Heritage and the Politics of Culture
‘The Great Wave’ designed by Katsushika Hokusai (1769-1849) was published c. 1831 as part of the series Thirty-six views of Mt. Fuji. In 1834, soon after the complete series had been published, a kawaraban (anonymous broadside) used Hoksai's Great Wave to represent a disaster caused by an exceptionally heavy rainstorm on Fuji’s slopes, reinterpreting the image to stand for the terrible destructive force of nature.
Vincent Van Gogh (1853-1890) wrote about the Great Wave in the following terms in a letter to his brother Theo in 1888:
Hokusai makes you cry out the same thing—but in his case with his lines, his drawing, since in your letter you say to yourself: these waves are claws, the boat is caught in them, you can feel it. Ah well, if we made the colour very correct or the drawing very correct, we wouldn’t create those emotions.
The Great Wave has been adapted and interpreted in many ways. This iconic image has generated various emotional experiences, including nationalism, fear, inferiority, nostalgia and helplessness in the face of a greater power than man.
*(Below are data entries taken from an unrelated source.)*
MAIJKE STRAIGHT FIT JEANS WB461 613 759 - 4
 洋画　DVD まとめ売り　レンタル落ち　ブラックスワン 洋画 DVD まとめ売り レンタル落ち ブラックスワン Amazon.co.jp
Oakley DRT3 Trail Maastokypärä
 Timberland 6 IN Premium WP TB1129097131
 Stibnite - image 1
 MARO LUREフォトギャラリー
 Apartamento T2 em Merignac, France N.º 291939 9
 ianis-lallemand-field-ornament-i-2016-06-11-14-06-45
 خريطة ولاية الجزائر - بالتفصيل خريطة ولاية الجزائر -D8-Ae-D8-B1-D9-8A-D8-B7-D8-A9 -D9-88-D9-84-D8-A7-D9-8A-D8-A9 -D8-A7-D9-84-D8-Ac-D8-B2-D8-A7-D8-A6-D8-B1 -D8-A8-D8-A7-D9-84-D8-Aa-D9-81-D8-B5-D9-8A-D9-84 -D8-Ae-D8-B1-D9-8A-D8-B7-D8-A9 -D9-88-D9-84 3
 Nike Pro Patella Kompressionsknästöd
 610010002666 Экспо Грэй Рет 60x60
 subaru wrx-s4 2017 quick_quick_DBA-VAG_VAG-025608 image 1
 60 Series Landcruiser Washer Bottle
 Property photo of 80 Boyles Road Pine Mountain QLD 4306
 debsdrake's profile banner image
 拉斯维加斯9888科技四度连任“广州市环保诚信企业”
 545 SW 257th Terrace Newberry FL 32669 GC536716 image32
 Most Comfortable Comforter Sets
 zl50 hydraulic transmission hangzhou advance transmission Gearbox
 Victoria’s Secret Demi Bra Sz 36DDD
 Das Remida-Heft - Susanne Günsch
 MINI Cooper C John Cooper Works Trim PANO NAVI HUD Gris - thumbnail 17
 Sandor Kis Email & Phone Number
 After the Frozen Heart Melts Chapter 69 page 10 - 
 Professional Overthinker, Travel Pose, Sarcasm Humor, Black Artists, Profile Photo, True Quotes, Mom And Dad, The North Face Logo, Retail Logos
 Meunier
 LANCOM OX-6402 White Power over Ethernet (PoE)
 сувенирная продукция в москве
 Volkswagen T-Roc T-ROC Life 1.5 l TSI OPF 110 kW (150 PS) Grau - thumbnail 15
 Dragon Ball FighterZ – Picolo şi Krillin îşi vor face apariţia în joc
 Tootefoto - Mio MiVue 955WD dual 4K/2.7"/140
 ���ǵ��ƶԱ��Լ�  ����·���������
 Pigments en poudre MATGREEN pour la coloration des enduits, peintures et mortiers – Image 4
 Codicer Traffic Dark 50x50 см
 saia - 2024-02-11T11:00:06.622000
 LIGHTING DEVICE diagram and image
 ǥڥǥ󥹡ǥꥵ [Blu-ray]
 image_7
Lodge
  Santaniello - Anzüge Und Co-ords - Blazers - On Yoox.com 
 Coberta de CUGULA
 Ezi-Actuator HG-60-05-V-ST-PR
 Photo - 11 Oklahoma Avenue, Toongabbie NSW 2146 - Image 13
In this paper, I will place particular emphasis on the ways in which Hokusai’s approach to depicting waves evolved through his long career and the emotional responses they have evoked. This will allow me to explore conceptual analysis of the Great Wave and its metaphor. It will reveal how Hokusai’s iconic Great Wave’s expanding boundaries have since come to include media cross over and growing international reach and cultural influence.